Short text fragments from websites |
==*==

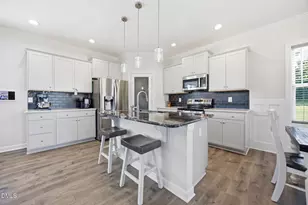 49 Golden View Pl, Zebulon, NC 27597 - Photo 4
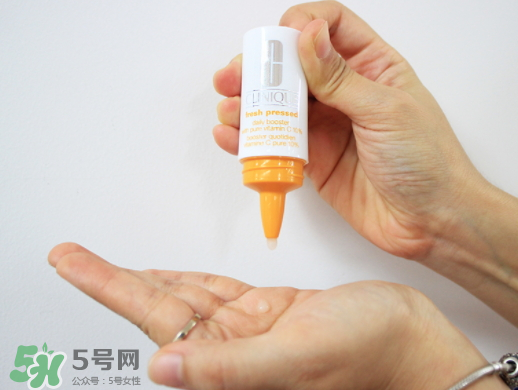 倩碧抗氧化維C安瓶精華怎么樣？倩碧抗氧化維C安瓶精華好用嗎？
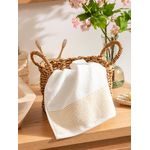 product_image_name-LC Waikiki-منشفة يد مطرزة 50x80 سم-2
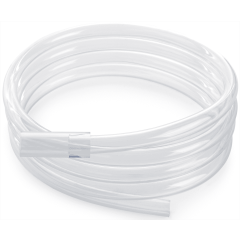 Dunlop Tuyau de Talk Box MXR - Vue 2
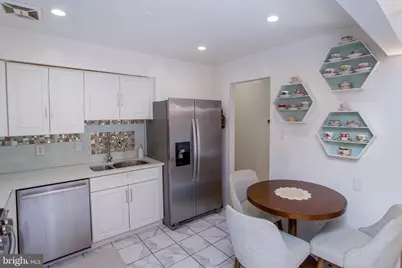 48 Bonnie Gellman Court #B48, Philadelphia, PA 19114 - Photo 26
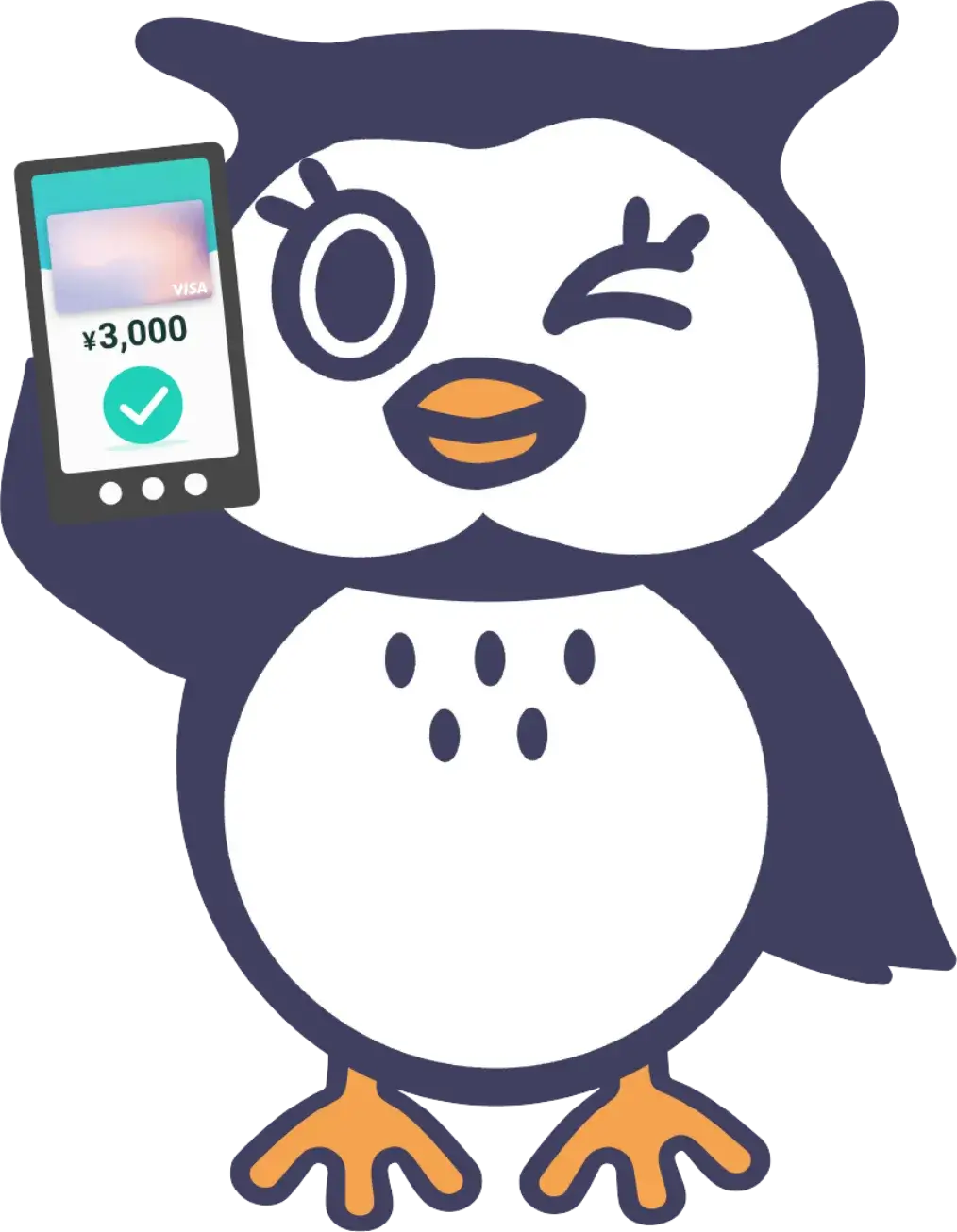 CellPhone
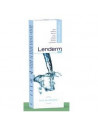 Len derm oil 400ml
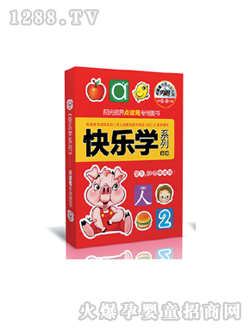 ���K-2�옷�W�D��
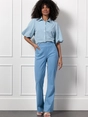 Studio Anneloes 12926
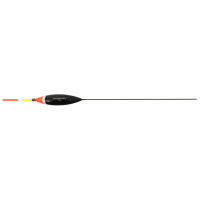Поплавок Flagman S14 1.5г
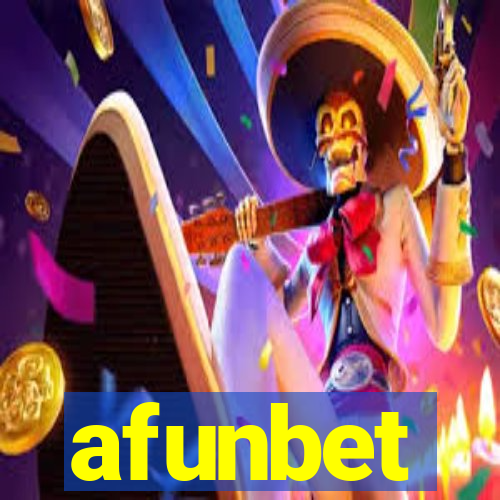 afunbet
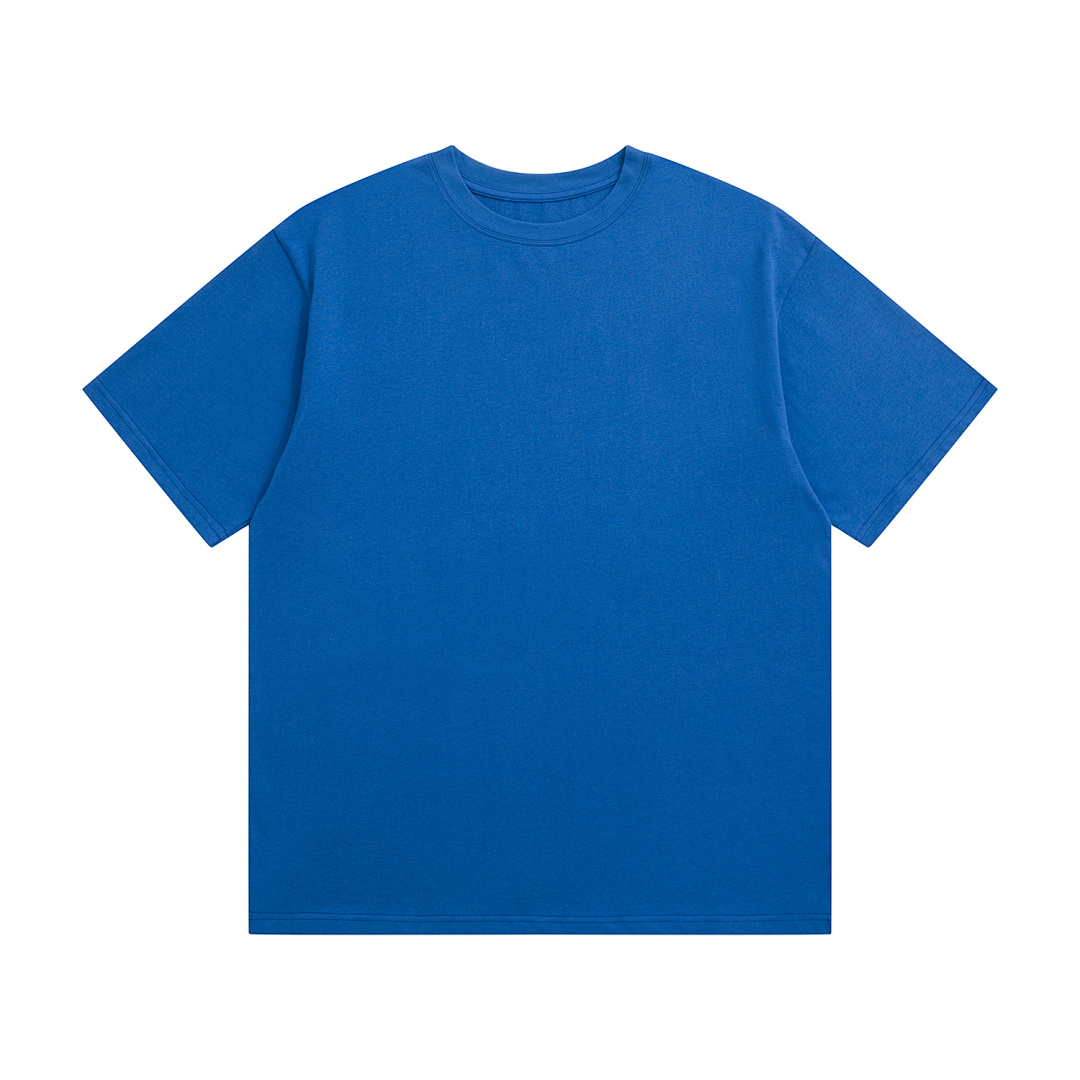 Klein Blue view 2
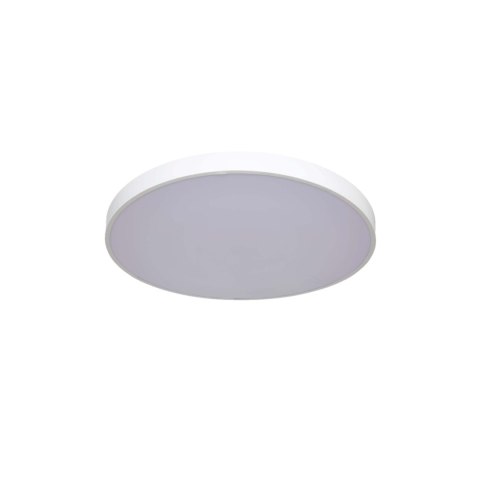 Plafon Rapido duży 3000K 1xLED biały LP-433/1C 3L WH Plafon Rapido duży 3000K 1xLED biały LP-433/1C 3L WH
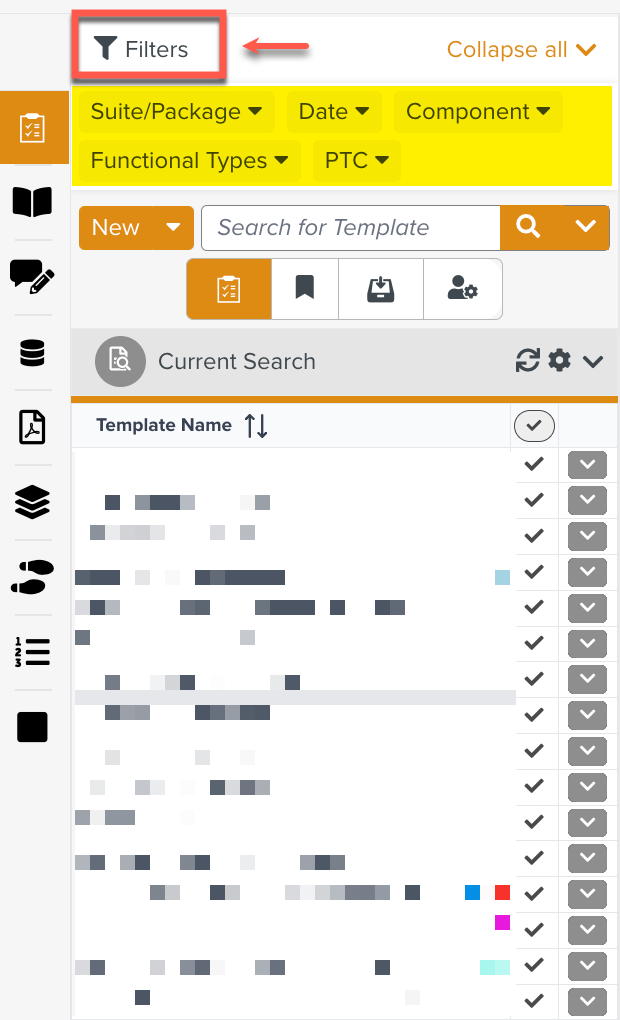 filters-new-ui.png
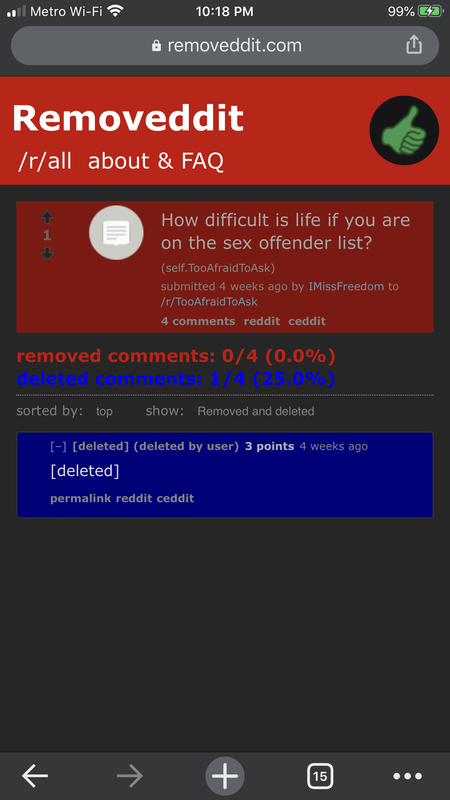 D7FCE2E8-0B21-4555-81A5-6168B94E591D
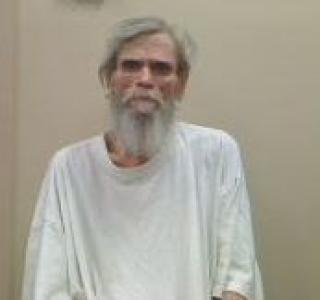 Glenn Douglas Slater a registered Sexual Offender or Predator of Florida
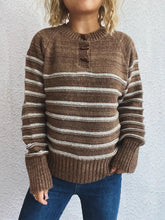 Load image into Gallery viewer, 68de83c907e84252a5e9f1a1acaf84a7-Max-Origin
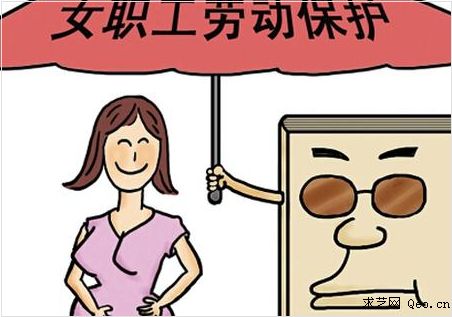 小月子_小月子_小月子食谱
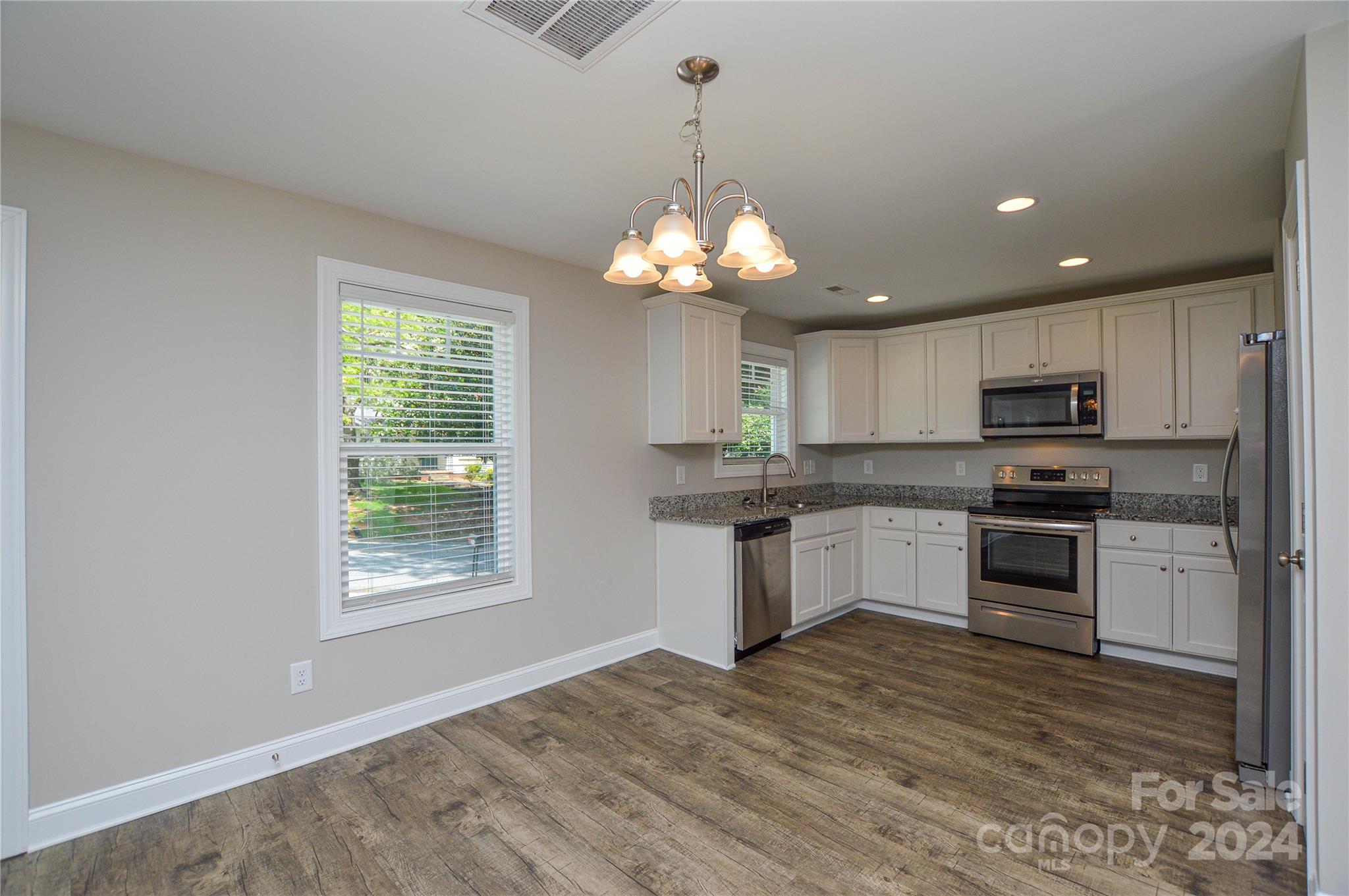 591 Allison Street NW Concord NC 28025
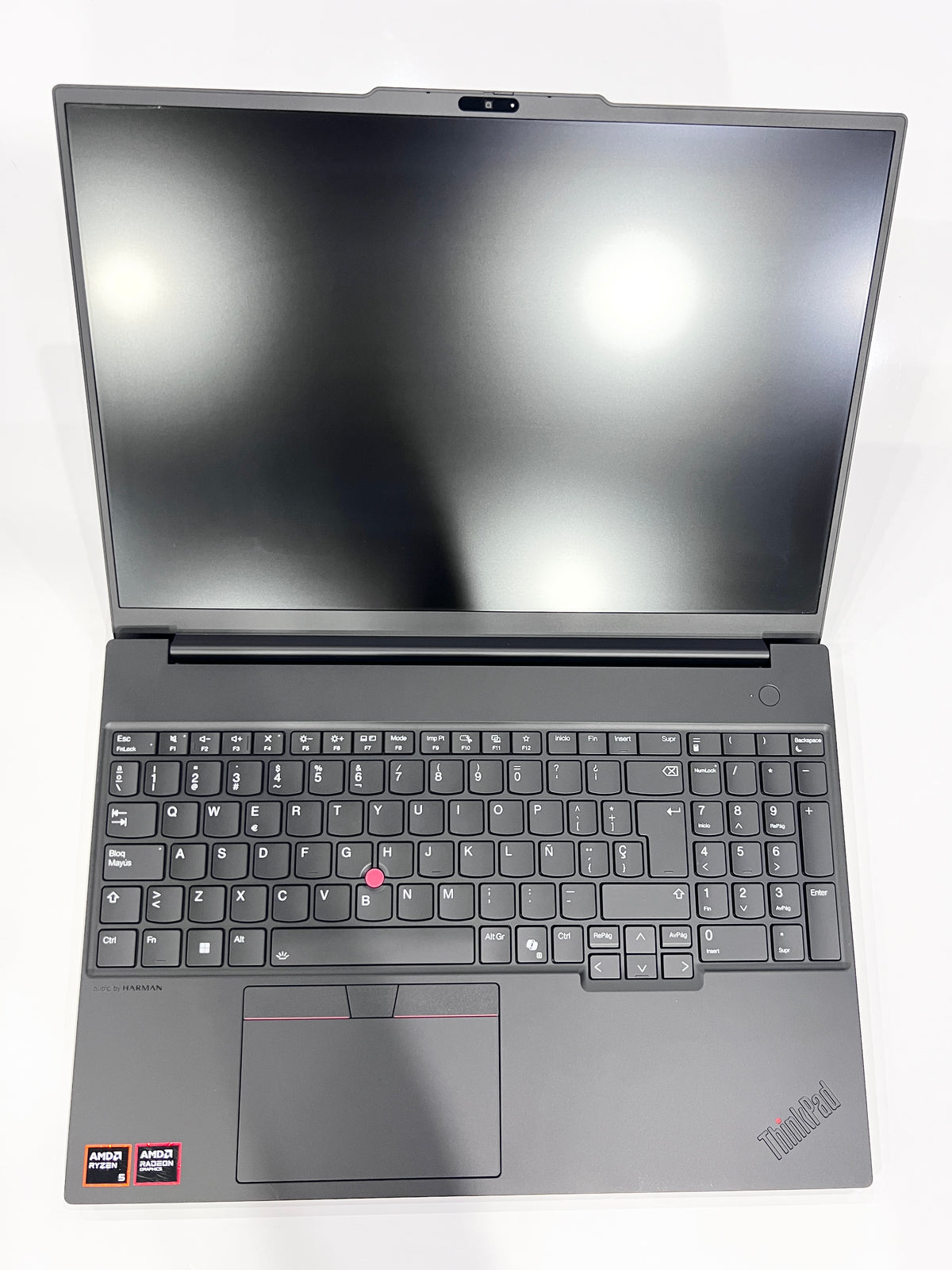 Lenovo ThinkPad E16 Gen 3 Ryzen™ 5 230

==*==

Please return the lines above exactly, with the pictures omitted.

SOLVED EXERCISE |
 49 Golden View Pl, Zebulon, NC 27597 - Photo 4
 倩碧抗氧化維C安瓶精華怎么樣？倩碧抗氧化維C安瓶精華好用嗎？
 product_image_name-LC Waikiki-منشفة يد مطرزة 50x80 سم-2
 Dunlop Tuyau de Talk Box MXR - Vue 2
 48 Bonnie Gellman Court #B48, Philadelphia, PA 19114 - Photo 26
 CellPhone
 Len derm oil 400ml
 ���K-2�옷�W�D��
 Studio Anneloes 12926
Поплавок Flagman S14 1.5г
 afunbet
 Klein Blue view 2
 Plafon Rapido duży 3000K 1xLED biały LP-433/1C 3L WH Plafon Rapido duży 3000K 1xLED biały LP-433/1C 3L WH
 filters-new-ui.png
 D7FCE2E8-0B21-4555-81A5-6168B94E591D
 Glenn Douglas Slater a registered Sexual Offender or Predator of Florida
 Load image into Gallery viewer, 68de83c907e84252a5e9f1a1acaf84a7-Max-Origin
 小月子_小月子_小月子食谱
 591 Allison Street NW Concord NC 28025
 Lenovo ThinkPad E16 Gen 3 Ryzen™ 5 230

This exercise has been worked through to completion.